Your own answer shows how to redirect a single, specific output streams to the success output stream; e.g, 3>&1 redirects (>&) the warning stream (3) to the success (output) stream (1).

The & indicates that the redirection target is a stream, as opposed to a file; for more information about PowerShell's output stream, see about_Redirection.

If you want to redirect all output streams to the success output stream, use redirection *>&1

By redirecting all streams to the output stream, their combined output can be captured in a variable, redirected to a file, or sent through the pipeline, whereas by default only the success output stream (1) is captured.

Separately, you can use the common parameters named -*Variable parameters to capture individual stream output in variables for some streams, namely:

  • Stream 1 (success): -OutVariable
  • Stream 2 (error): -ErrorVariable
  • Stream 3 (warning): -WarningVariable
  • Stream 6 (information): -InformationVariable

Be sure to specify the target variable by name only, without the $ prefix; e.g., to capture warnings in variable $warnings, use
-WarningVariable warnings, such as in the following example:
Write-Warning hi -WarningVariable warnings; "warnings: $warnings"

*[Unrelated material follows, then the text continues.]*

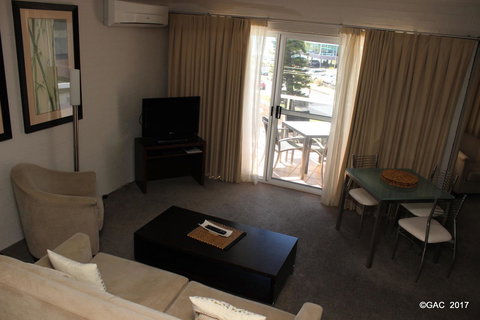 Mollymook Cove Apartments - Foster Accommodation 10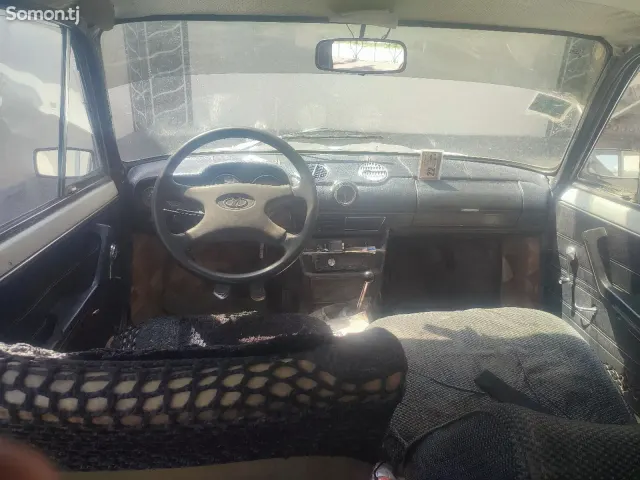 Lada (ВАЗ) 2102 1980 · 1.6 MT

Note that with -*Variable, the stream output is collected in the variable whether or not you silence or even ignore that stream otherwise, with the notable exception of -ErrorAction Ignore, in which case an -ErrorVariable variable is not populated (and the error is also not recorded in the automatic $Error variable that otherwise records all errors that occur in the session).

Generally, -{StreamName}Action SilentlyIgnore seems to be equivalent to {StreamNumber}>$null.


Note the absence of the verbose (4) and the debug (5) streams above; you can only capture them indirectly, via 4>&1 and 5>&1 (or *>&1), which then requires you to extract the output of interest from the combined stream, via filtering by output-object type:

Important:

  • The verbose (4) and debug (5) streams are the only two streams that are silent at the source by default; that is, unless these streams are explicitly turned on via -Verbose / -Debug or their preference-variable equivalents, $VerbosePreference = 'Continue' / $DebugPreference = 'Continue', nothing is emitted and nothing can be captured.

  • The information stream (5) is silent only on output by default; that is, writing to the information stream (with Write-Information) always writes objects to the stream, but they're not displayed by default (they're only displayed with -InformationAction Continue / $InformationPreference = 'Continue')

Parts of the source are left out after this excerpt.